:: EXERCISE ::
Reproduce the listing word for word. Skip any image.

:: COLLECTED DATA ::

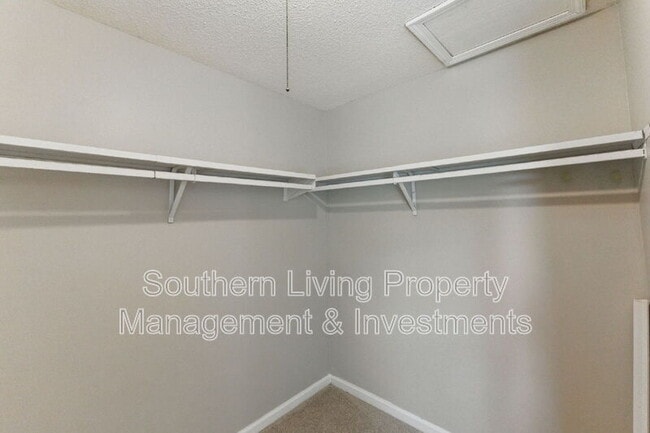 Building Photo - 7016 Wannamaker Ln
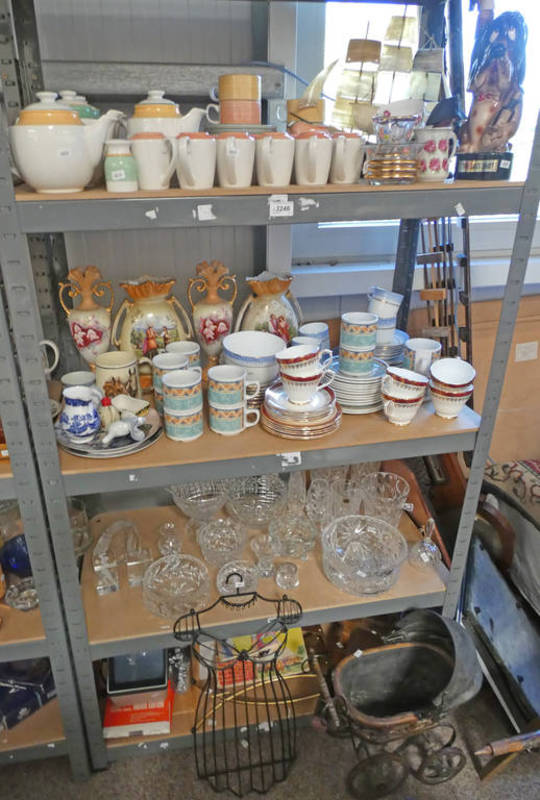 LARGE SELECTION OF PORCELAIN, GLASSWARE, VASES,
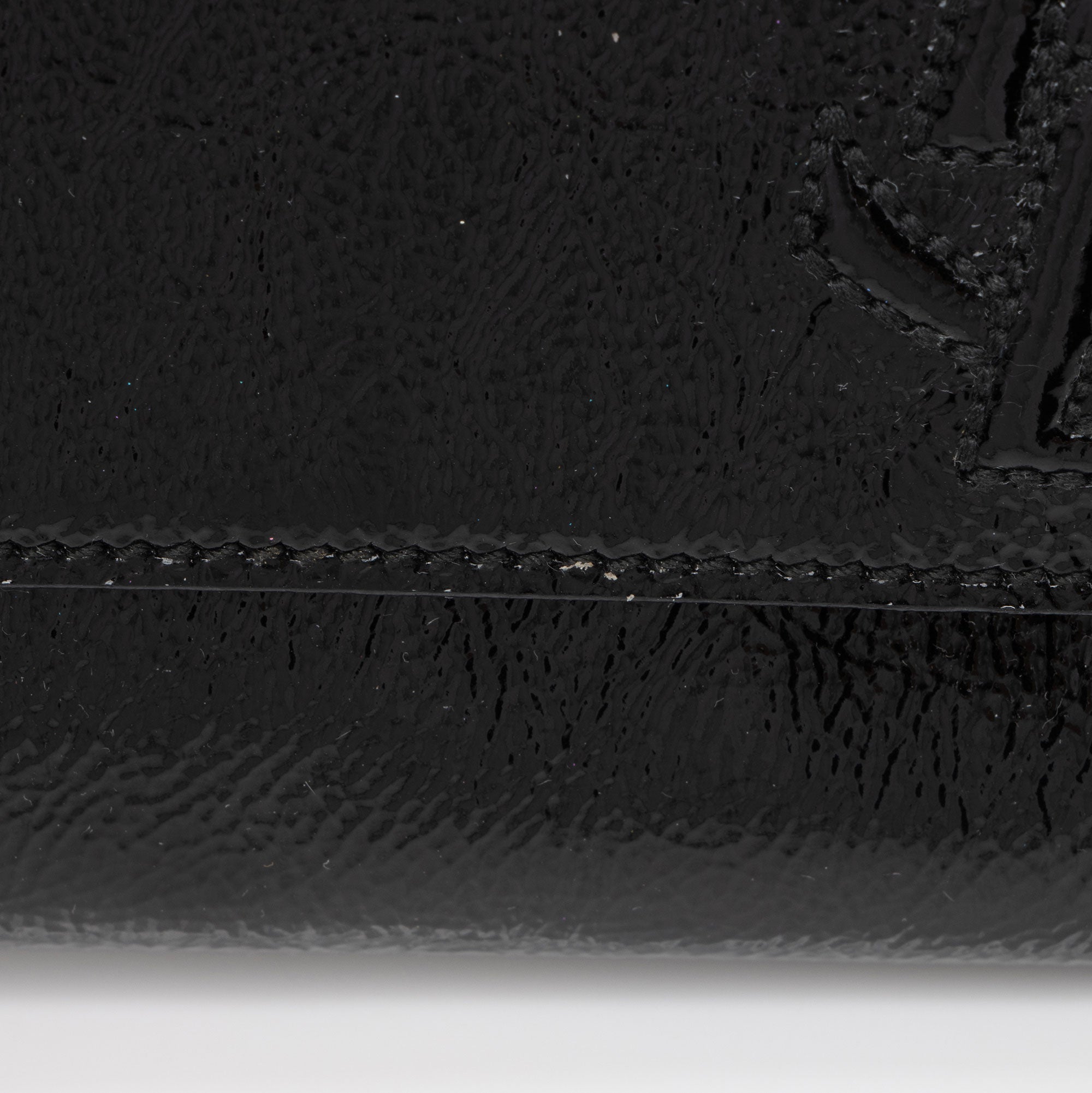 Saint Laurent Vintage Patent Leather Monogram Belle de Jour Clutch (SHF-BY8Utu)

:: WRITTEN REPLY ::
 Building Photo - 7016 Wannamaker Ln
 LARGE SELECTION OF PORCELAIN, GLASSWARE, VASES,
 Saint Laurent Vintage Patent Leather Monogram Belle de Jour Clutch (SHF-BY8Utu)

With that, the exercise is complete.